= Beginning of Section =

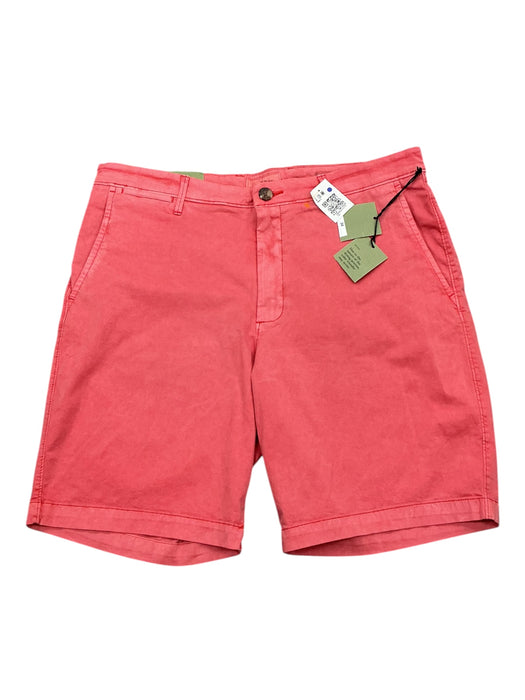 Pantaloneta 34 (GOODFELLOW)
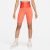 Shorts Nike Sportswear Circa 50 Feminino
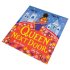 The Queen Next Door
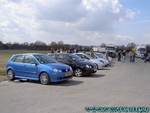 Frechen2006-28.jpg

= End of Section =

About this task: Reproduce exactly the lines from the one with "Shorts Nike Sportswear Circa 50 Feminino" to the bottom of the listing, both ends included, and nothing else. Skip the pictures.

Answer to this task:
 Shorts Nike Sportswear Circa 50 Feminino
 The Queen Next Door
 Frechen2006-28.jpg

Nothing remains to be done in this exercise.